The task:
Find the line with "TOYOTA COROLLA VERSO" in the data below. Repeat it and every line after it exactly, but not the pictures.

Dataset content:
--*--
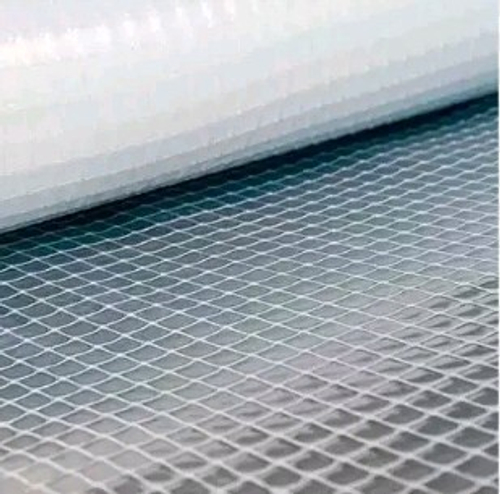 Пленка п/эт  АРМИРОВАННАЯ  120мкм/25м      шир.2м  Леска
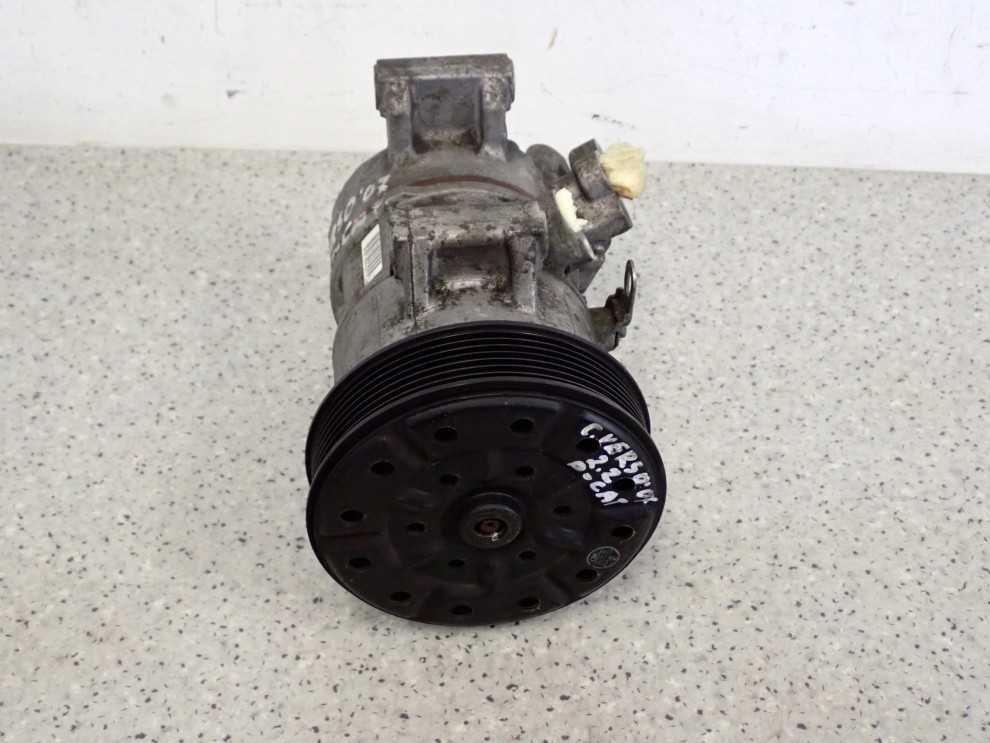 TOYOTA COROLLA VERSO 04- 2.2 D4D KOMPRESOR KLIMY D-CAT 4/10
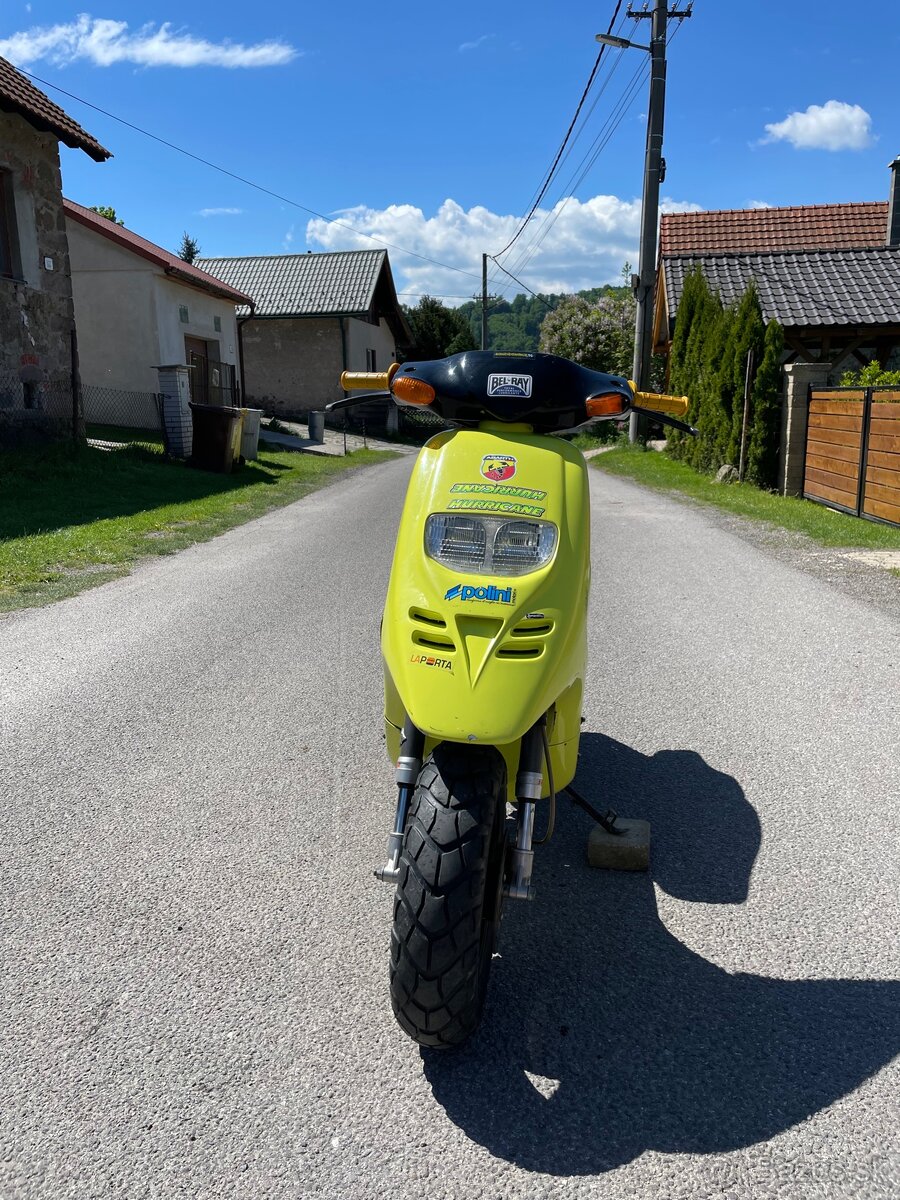 Piaggio Typhoon 50 2t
--*--
Answer section:
 TOYOTA COROLLA VERSO 04- 2.2 D4D KOMPRESOR KLIMY D-CAT 4/10
 Piaggio Typhoon 50 2t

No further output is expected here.